● **WHAT YOU ARE ASKED TO DO**:
Word for word, repeat all of the entries below.

[Short text fragments from websites]
- Opening Delimiter -

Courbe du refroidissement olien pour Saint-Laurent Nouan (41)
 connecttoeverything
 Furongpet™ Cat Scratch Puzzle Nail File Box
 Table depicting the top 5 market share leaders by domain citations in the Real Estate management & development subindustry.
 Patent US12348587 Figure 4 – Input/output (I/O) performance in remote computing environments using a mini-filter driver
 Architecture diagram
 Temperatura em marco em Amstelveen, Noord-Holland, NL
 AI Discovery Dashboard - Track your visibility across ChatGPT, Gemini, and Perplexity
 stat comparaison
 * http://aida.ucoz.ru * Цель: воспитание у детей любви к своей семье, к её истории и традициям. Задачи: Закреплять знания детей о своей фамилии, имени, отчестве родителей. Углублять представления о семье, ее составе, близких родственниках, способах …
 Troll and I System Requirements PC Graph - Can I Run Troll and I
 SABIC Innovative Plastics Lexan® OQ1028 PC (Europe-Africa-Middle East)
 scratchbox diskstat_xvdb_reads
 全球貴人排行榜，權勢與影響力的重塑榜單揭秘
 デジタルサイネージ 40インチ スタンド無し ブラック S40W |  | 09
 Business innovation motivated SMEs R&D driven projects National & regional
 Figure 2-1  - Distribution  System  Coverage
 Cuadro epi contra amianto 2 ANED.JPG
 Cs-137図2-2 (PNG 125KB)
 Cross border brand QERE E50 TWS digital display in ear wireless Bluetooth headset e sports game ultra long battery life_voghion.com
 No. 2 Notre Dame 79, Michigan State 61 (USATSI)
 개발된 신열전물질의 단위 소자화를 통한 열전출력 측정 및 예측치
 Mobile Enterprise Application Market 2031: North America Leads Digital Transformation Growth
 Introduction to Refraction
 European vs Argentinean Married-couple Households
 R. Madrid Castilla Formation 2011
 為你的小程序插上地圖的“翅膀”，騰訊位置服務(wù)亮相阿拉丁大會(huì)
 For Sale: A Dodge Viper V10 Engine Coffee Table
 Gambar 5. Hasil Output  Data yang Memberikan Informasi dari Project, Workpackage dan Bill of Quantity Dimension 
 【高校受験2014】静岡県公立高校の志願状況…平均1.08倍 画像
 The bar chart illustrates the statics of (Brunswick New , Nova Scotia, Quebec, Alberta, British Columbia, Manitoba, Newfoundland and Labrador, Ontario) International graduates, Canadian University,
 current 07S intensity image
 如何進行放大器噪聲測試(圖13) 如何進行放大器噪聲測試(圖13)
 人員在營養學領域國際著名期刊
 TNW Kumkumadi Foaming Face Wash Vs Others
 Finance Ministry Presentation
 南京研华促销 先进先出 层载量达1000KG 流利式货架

- Closing Delimiter -

● **RESPONSE**:
Courbe du refroidissement olien pour Saint-Laurent Nouan (41)
 connecttoeverything
 Furongpet™ Cat Scratch Puzzle Nail File Box
 Table depicting the top 5 market share leaders by domain citations in the Real Estate management & development subindustry.
 Patent US12348587 Figure 4 – Input/output (I/O) performance in remote computing environments using a mini-filter driver
 Architecture diagram
 Temperatura em marco em Amstelveen, Noord-Holland, NL
 AI Discovery Dashboard - Track your visibility across ChatGPT, Gemini, and Perplexity
 stat comparaison
 * http://aida.ucoz.ru * Цель: воспитание у детей любви к своей семье, к её истории и традициям. Задачи: Закреплять знания детей о своей фамилии, имени, отчестве родителей. Углублять представления о семье, ее составе, близких родственниках, способах …
 Troll and I System Requirements PC Graph - Can I Run Troll and I
 SABIC Innovative Plastics Lexan® OQ1028 PC (Europe-Africa-Middle East)
 scratchbox diskstat_xvdb_reads
 全球貴人排行榜，權勢與影響力的重塑榜單揭秘
 デジタルサイネージ 40インチ スタンド無し ブラック S40W |  | 09
 Business innovation motivated SMEs R&D driven projects National & regional
 Figure 2-1  - Distribution  System  Coverage
 Cuadro epi contra amianto 2 ANED.JPG
 Cs-137図2-2 (PNG 125KB)
 Cross border brand QERE E50 TWS digital display in ear wireless Bluetooth headset e sports game ultra long battery life_voghion.com
 No. 2 Notre Dame 79, Michigan State 61 (USATSI)
 개발된 신열전물질의 단위 소자화를 통한 열전출력 측정 및 예측치
 Mobile Enterprise Application Market 2031: North America Leads Digital Transformation Growth
 Introduction to Refraction
 European vs Argentinean Married-couple Households
 R. Madrid Castilla Formation 2011
 為你的小程序插上地圖的“翅膀”，騰訊位置服務(wù)亮相阿拉丁大會(huì)
 For Sale: A Dodge Viper V10 Engine Coffee Table
 Gambar 5. Hasil Output  Data yang Memberikan Informasi dari Project, Workpackage dan Bill of Quantity Dimension 
 【高校受験2014】静岡県公立高校の志願状況…平均1.08倍 画像
 The bar chart illustrates the statics of (Brunswick New , Nova Scotia, Quebec, Alberta, British Columbia, Manitoba, Newfoundland and Labrador, Ontario) International graduates, Canadian University,
 current 07S intensity image
 如何進行放大器噪聲測試(圖13) 如何進行放大器噪聲測試(圖13)
 人員在營養學領域國際著名期刊
 TNW Kumkumadi Foaming Face Wash Vs Others
 Finance Ministry Presentation
 南京研华促销 先进先出 层载量达1000KG 流利式货架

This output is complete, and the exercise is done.